Até a Lava Jato do Rio havia se negado a celebrar um acordo com Cabral, assim como a de Curitiba recusara a proposta de Antonio Palocci. A PF tomou para a si a empreitada. Contra a manifestação da Procuradoria-Geral da República, Edson Fachin homologou o acordo. Inquéritos foram abertos e encerrados após nova manifestação da PGR. E havia o tal anexo contra Toffoli, anteriormente recusado pelo próprio MPF.
Não
é persecução penal, mas caçada pessoal. A lei 12.850 —excrescência aprovada em
2013, quando Dilma estava nas cordas em razão dos delírios opostos e combinados
que tomavam as ruas— torna o país refém ou de chantageados pelo que chamo Papol
(Partido da Polícia, que inclui setores da PF, do MP e do Judiciário) ou de
pilantras, como Cabral e Palocci, que resolvem falar depois de saberem o que
não sabem sobre eles.
O
pedido de investigação contra Toffoli é um acinte e um deboche. Cabral,
que se confessou "viciado em poder e dinheiro" —e seria,
então, de se indagar por que estaria curado—, afirma a um policial federal que
ouviu dizer que o ministro, quando no TSE, teria vendido uma sentença. O que há
além da fala do delator? Nada!
Foi
o bastante para Guidali. É o mesmo delegado que teve a ousadia de pedir, em
2019, a prisão
temporária da ex-presidente Dilma Rousseff para que esta, alegou ele,
não criasse obstáculos a uma investigação sobre algo supostamente ocorrido
cinco anos antes. Estupefaciente! Essa rotina de abusos tem de ter fim.
Não
é aceitável uma lei que permita a delação "em qualquer fase da persecução
penal", como está no texto, ou bandidos conduzirão a Justiça e a polícia,
ao invés de ser conduzidos. Não é aceitável ter um Ministério Público com poder
de polícia, o que a Constituição não lhe confere. Não é aceitável uma Polícia
Federal com poder de Ministério Público, o que a lei também não lhe faculta.
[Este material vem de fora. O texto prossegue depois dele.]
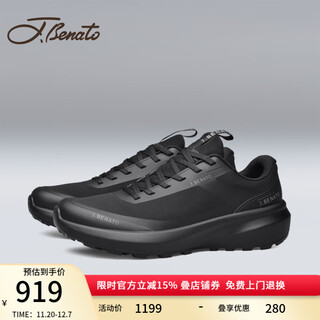 J.benato men's shoes 25 autumn and winter new men's sports shoes men's comfortable mesh shoes lightweight soft sole fashion casual shoes black 41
Eis uma boa pauta para Arthur Lira (PP-AL), presidente da Câmara. Mas ele está
muito ocupado tentando cassar prerrogativas da oposição ou alimentando teorias
conspiratórias sobre urna eletrônica.
Engana-se
quem acha que essa questão diz respeito apenas a Toffoli. Como numa peça de Gil
Vicente, ela fala de "Todo Mundo" e de "Ninguém". Quando um
ministro do STF está sujeito ao arbítrio, então é certo que o problema é de
"Todo Mundo", e, por consequência, "Ninguém" está seguro.
A
força-tarefa do Rio recusou a patuscada de Cabral, mas a Lava Jato era e, em
espírito, é mais ampla do que o Ministério Público. E, por isso, um bolsão da
PF resolveu levar a farra acusatória de Cabral adiante. Duvido que Guidali
acredite que o caso prosperará. Ocorre que a eficácia da iniciativa não está na
abertura da investigação —que se sabe impossível nos termos dados—, mas na
depredação do STF. Nesse sentido, o objetivo foi alcançado.
A quem interessa? A todos os autoritários que ajudaram a matar quase 430 mil pessoas. Bolsonaro e a necropolítica são legados do ataque às instituições, de que o pedido do delegado morista é expressão.